Ekrem Kızıltaş

EKREM KIZILTAŞ

Tarihi 22 Eylül 2021

Teslimiyet mesajları!..

CHP'nin dış ilişkilerinden sorumlu genel başkan yardımcısı e. Büyükelçi Ünal Çeviköz'ün Mavi Vatan'la ilgili açıklamasına bakınca, 'kimden yana?' sorusunu sormamak mümkün değil.

Çeviköz'ün, 'AK Parti'nin Mavi Vatan söyleminin, dış politikayı askerileştirme ve biraz daha agresif bir hale getirmeye yardımcı bir söylem gibi olduğu' şeklindeki sözleri, Yunanlı yetkililerden ödünç alınmış 'gibi'.

'Gibi' vurgusunu, herhalde söyleyeceklerinin vahametini azaltmak için kullanan Çeviköz, '6 millik karasularımızın ötesinde uluslararası hukuk gereği kıta sahanlığı ve ekonomik bölgemiz olup, bunların 200 mile uzandığını' söylüyor ve ilave ediyor:

"Mavi Vatan diye 200 mile kadar uzanan alanı da eğer kendi egemenlik alanınız olarak görürseniz, o zaman biraz saldırgan ve yayılmacı bir algı yaratırsınız."

Yani, 'buralar egemenlik alanı olsa da, Türkiye öyle görmemeli!' demek istiyor, Çeviköz…

Bu sözlerin, Yunanistan'ı ve onun küçücük Meis üzerinden Doğu Akreniz'de ekonomik hakları olduğunu söyleyenleri sevindireceği açık.

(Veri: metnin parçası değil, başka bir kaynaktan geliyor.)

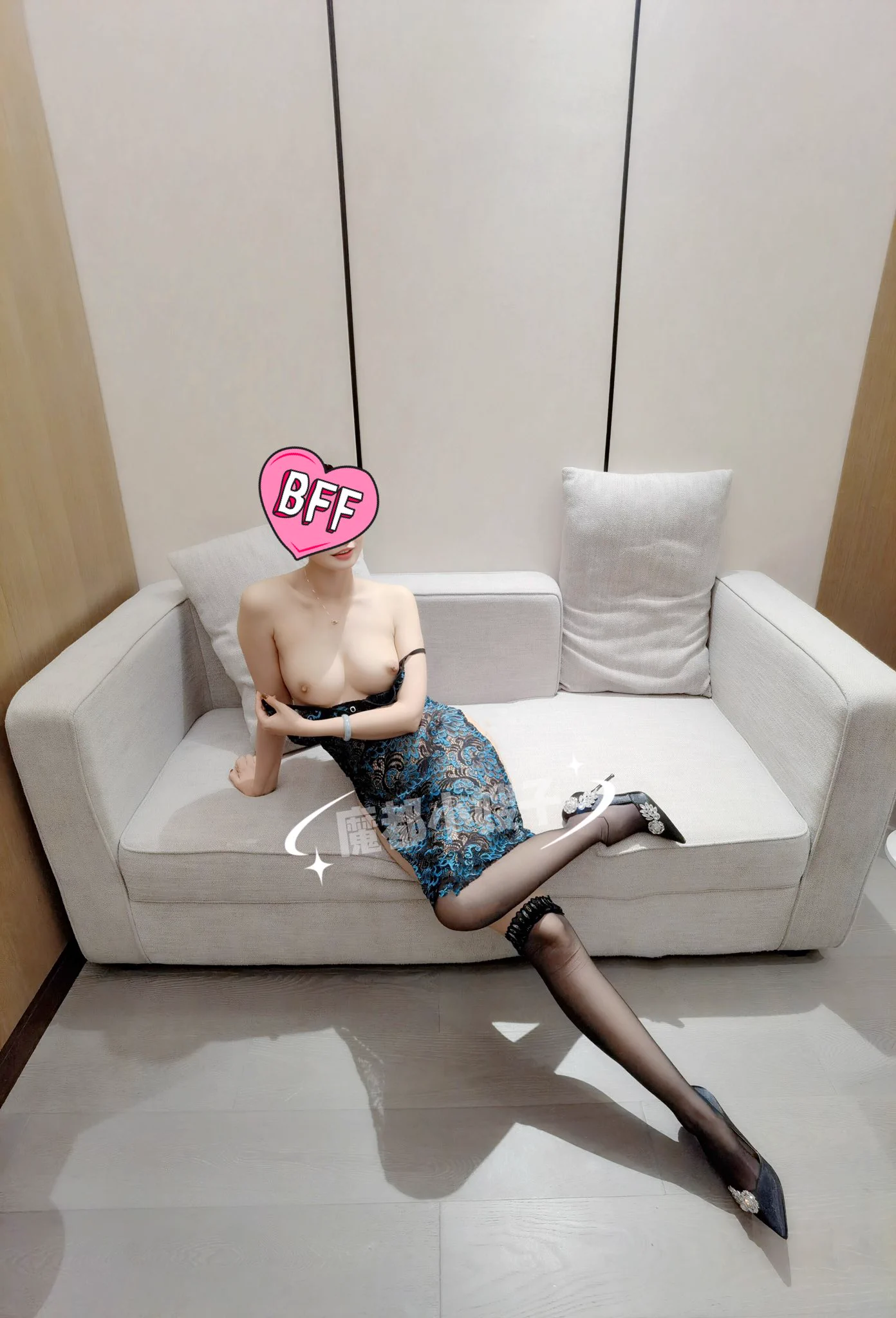 我小时候的性启蒙意淫对象，就是自己的班主任，小嫂子的这一身装扮，端庄的如课堂的老师，幻想着少年最初的遐想 https://t.co/5mZI36M9Cm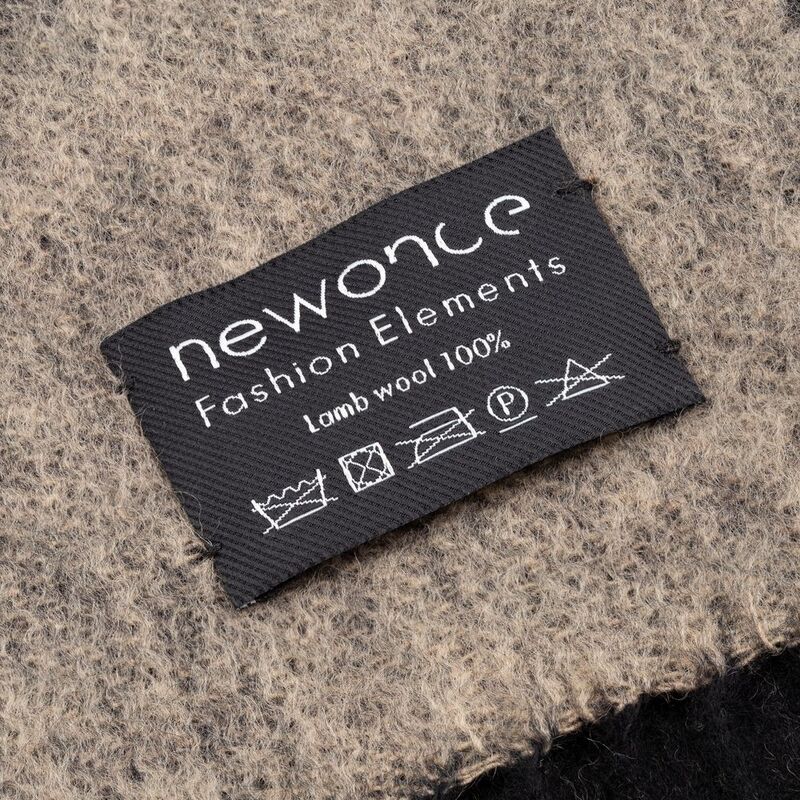 Палантин Charming, черный с бежевым арт.15987.31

Milletimizin teveccühü ile bir yerlere gelemeyeceklerini iyi bilenler, Yunanlılara ve onlarla beraber hareket eden dış mihraklara göz kırpıyor 'gibi' yani.

Bunu, vaktiyle çok çektiğimiz 'manda' yani güdüm zihniyetinin halen yok olmadığı şeklinde de değerlendirebiliriz. Dışarıdakiler kadar değilse de, 'Türkiye'nin Türkiyelilere bırakılmayacak kadar önemli olduğuna', içerde de inananlar var, maalesef.

Genel başkanları Kılıçdaroğlu'nun, 'Türkiye'ye, bölgeye, Avrupa'ya, en çok da bizim insanımıza' zarar veren(!) dış politikayı 180 derece değiştireceği şeklindeki sözlerine destek vermek niyetiyle söylenmişe benzeyen bu sözlere, 'mecburi CHP'liler' ne der, bilmiyoruz.

Türkiye'nin ve bölge ülkelerinin menfaatlerini esas alan dış politikanın Türkiye'ye, bölgemizin iyi niyetli aktörlerine ve hele insanımıza fayda sağladığı ve sağlayacağı, çok açık.

Türkiye'nin izlediği dış politikanın bölgeyi kendilerine göre dizayn etmeye çalışanlar yanında Avrupa'ya verdiği zararın CHP Genel Başkanı ve onun kafasındakileri neden rahatsız ettiği ise sorgulanmaya değer.

Bu sorgulama işi de kendilerini 'mecburen CHP'li' hissedenlere düşüyor. Teslimiyetçi mesajları gittikçe çoğalan CHP'yi hizaya çekmek, gidecekleri başka kapı olmadığını düşünen bu kesimin işi.

2010'lara, yani Kılıçdaroğlu genel başkan olana kadar devlet yanlısı tutumları ile öne çıkan CHP'nin giderek bu özelliğini kaybettiğinin onlar da çok iyi farkında, bildiğimiz kadarıyla.